Although Lolo makes a quick and full recovery, etiquette demands of the Buttlärs that they depart immediately. Those who stay behind into the autumn are Hans and Doralice Grimm and Geheimrat Knospelius – the latter because, unbeknown to everyone, he has handed in his resignation and now has all the time in the world, and the Grimms because they actually have no other place to go. In the course of the summer, Hans has become more and more monosyllabic, and Doralice longs for some serious talk concerning their future together: She realizes that she desperately needs Hans's reassurance of his love for her. Hans, however, keeps postponing that talk to the following day and indulges in his growing fascination with the sea. Not only does he paint it; he now accompanies the fishermen on their nightly routine on a more or less regular basis and then sleeps during most of the day.
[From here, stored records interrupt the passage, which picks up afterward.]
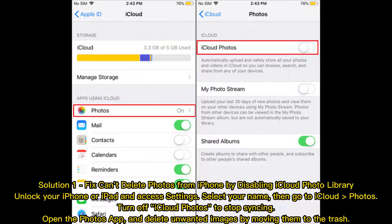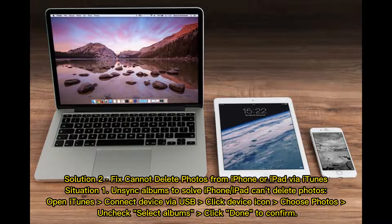Solution 2: Fix cannot delete photos from iPhone or iPad via iTunes. Situation 1 — unsync albums. Open iTunes and connect your device via USB. Click the device icon, choose Photos, uncheck the selected albums, then click Done to confirm.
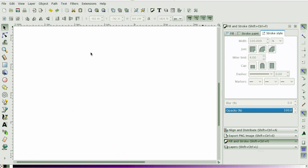Hey there, it's Stephanie from Jankoo and today I'm going to show you how to manipulate different shapes by combining them using different tools in the path menu.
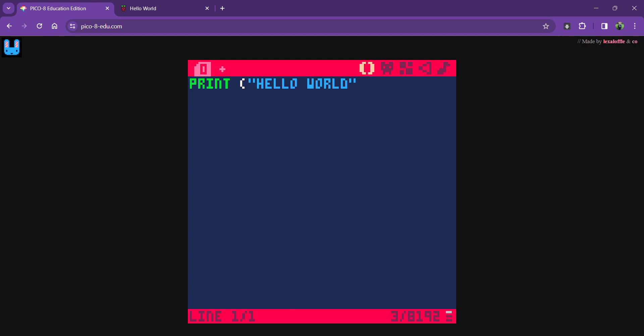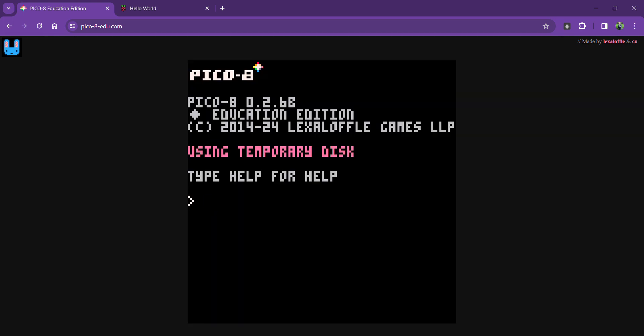If I go back by pressing the escape button back to the command line, nothing's happened. I still need to run that code. I need to have a computer to execute it, like pressing the green flag. Do that by pressing run and return. There we go, hello world.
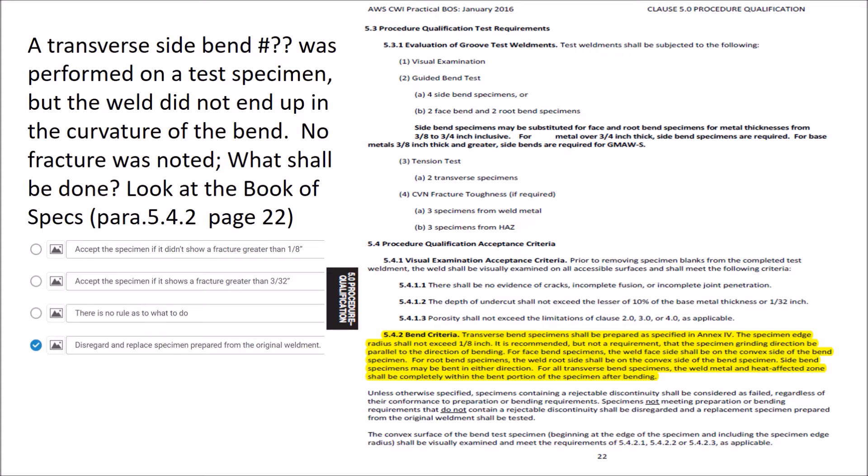To find this answer, you look in the Book of Specs on page 22, paragraph 5.4.2. I've got it highlighted, and if you read that highlighted section, you'll find out that the answer would be D: Disregard and replace specimen prepared from the original weld metal.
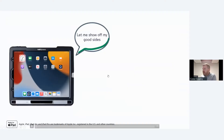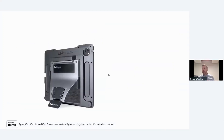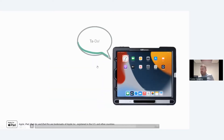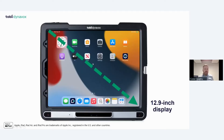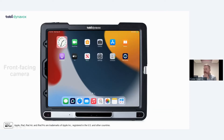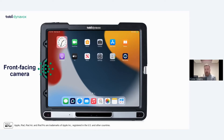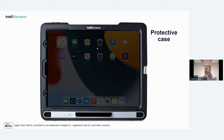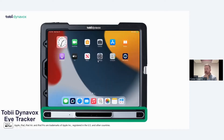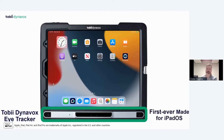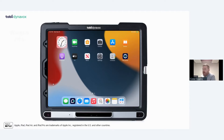Let's go through some of the hardware. The TD Pilot is a 12.9-inch display based on the iPad Pro. It has a front-facing camera for facial recognition, allowing users to independently turn the device on and off, and for FaceTime or selfies. It has a protective case, a built-in eye tracker, and it's the first ever Made for iPad OS eye tracker from Tobii Dynavox. It weighs 2 kg and has up to 10 hours of battery life.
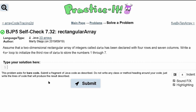In this simple practice self-check, we want to assume that a two-dimensional rectangular array of integers called data has already been created with four rows and seven columns. So we don't need to code for this, but we just need to understand that we already have a two-dimensional array of integers. It's going to look like this: int data = new int with four rows and seven columns.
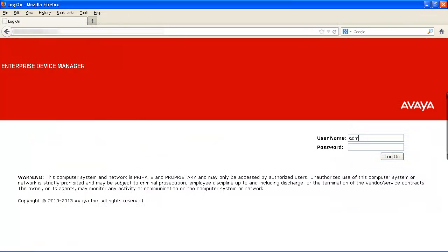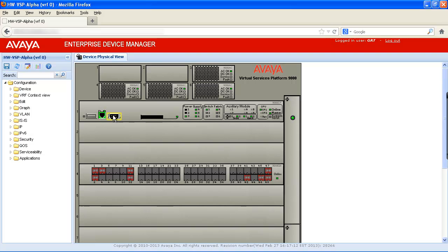In our example, we'll log onto the system by entering our admin username and password and select the Logon button. In the Device Physical View window, we'll highlight the console port and then we'll right-click the port and select Edit.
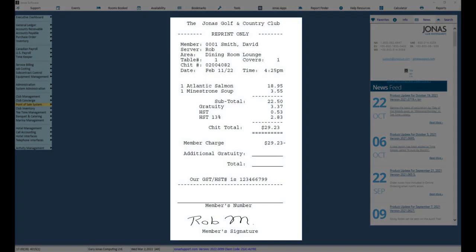Did you know you can get a member's signature onto a chit without having to purchase a device? Yes, you can. It's built into Jonas and just needs to be set up.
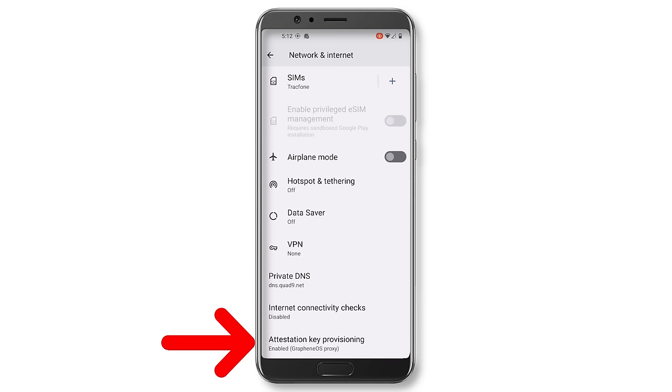Another setting that GrapheneOS turns on by default is using a GrapheneOS proxy for attestation key provisioning. Basically, this has to do with a security feature used to verify the integrity and authenticity of a device's hardware and software to make sure it hasn't been tampered with. GrapheneOS by default adds a proxy to this process for added privacy, so that you don't have to give your IP address to Google.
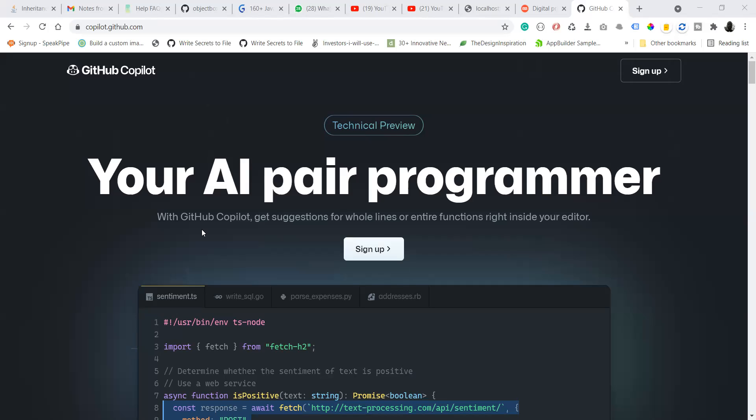Recently, Microsoft has been working on machine learning that is going to help programmers write code better. Let's say that you are writing code and you want a little bit of help. Programmers used to Google some solution from Stack Overflow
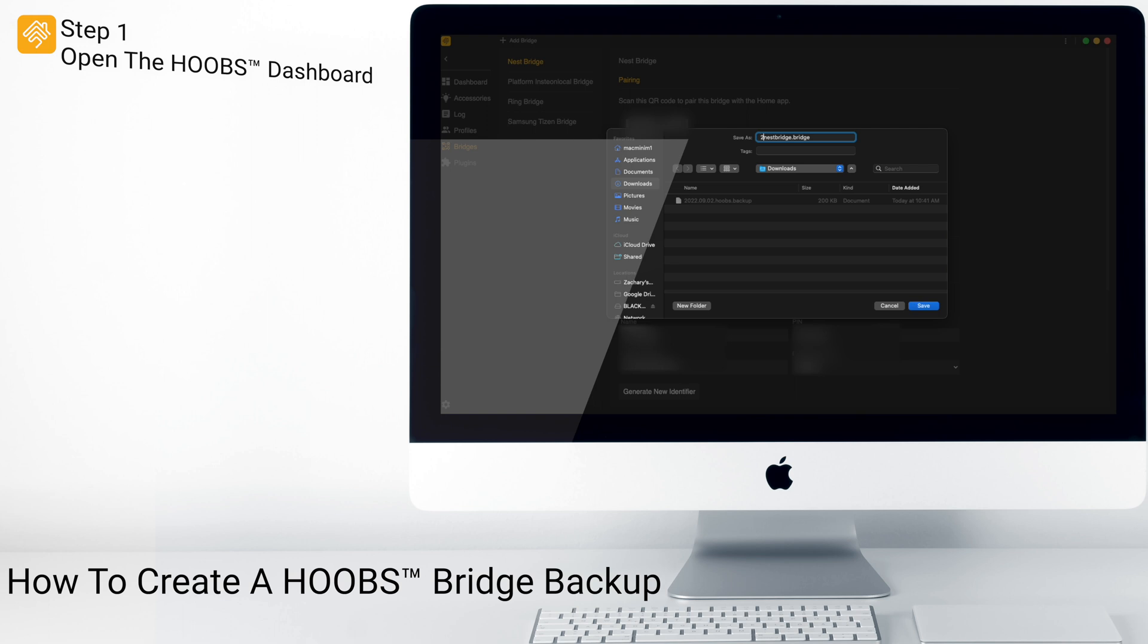Here, you can rename your backup. Again, I will just add the date and click Save.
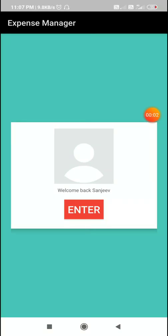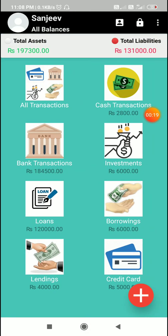Hello friends, in this video I will show you how to backup and restore a map list which is saved in shared preferences to the SD card. I will backup the map list to the SD card and then restore it from the SD card.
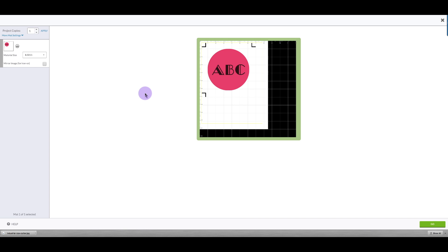Hi everyone, this is Karen. In this quick video I'm going to show you how to do a print then cut where you've got letters printed on a circle that is also printed, and then the Cricut will cut around the circle as an outline.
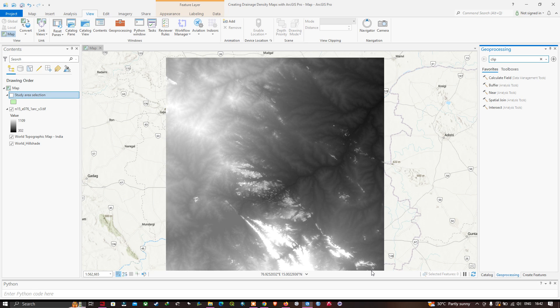Hey everyone, welcome to the channel. In this video, I'm going to show you how to create a drainage density map using ArcGIS Pro. Now let's get started.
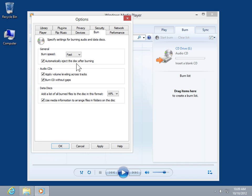To automatically eject the disc after burning, select the Automatically Eject the Disc After Burning checkbox.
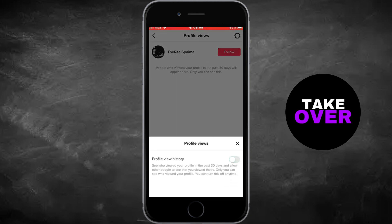However, be aware that you also won't be able to see who viewed your profile with this feature turned off.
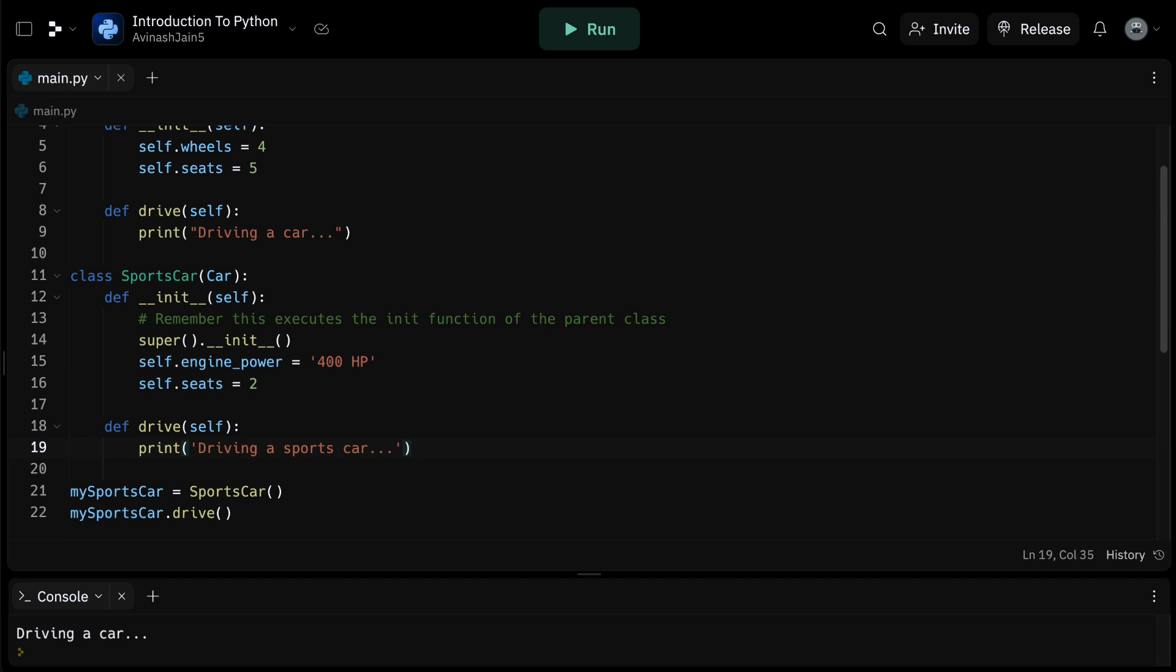I hope this has made inheritance in Python clear. Inheritance is a very powerful tool for creating organized, reusable, and easy to maintain code. That's it for inheritance in this video, guys. Thanks so much for listening and I'll see you in the next video.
One night he goes out fishing with Steege, a notorious drunkard whose vice has prevented him from buying a new fishing boat. The old dilapidated one cannot defy the thunderstorm of which they have been warned, and the sea claims two more lives: After long days of waiting, Doralice and Mrs Steege finally accept the fact that their husbands are not coming back. At this point Knospelius makes Doralice the unexpected offer to be his companion for the foreseeable future and to spend the winter with him touring the Greek islands.

==Rediscovery==

Literary critic Jens Malte Fischer called Keyserling "possibly the most unknown of the great German story-tellers of the century." Wellen was selected as one of 100 great novels of the 20th century by the Süddeutsche Zeitung and reprinted in a special edition in 2004.

==Film adaptation==

In 2005 Vivian Naefe adapted Keyserling's novel for television. Based on a screenplay by Günter Schütter, the film Waves starred Sunnyi Melles, Matthias Habich and Marie Bäumer.

Various changes to the plot of the novel were made. For example, in the film, the action is set on the eve of the First World War in order to stress the imminence of death of an aristocratic society and its antiquated social mores and conventions. Also, for whatever reason, Knospelius was renamed Froselius, while the artist's name is given as Til Knop. Hilmar von dem Hamm becomes Carl von Gonthard.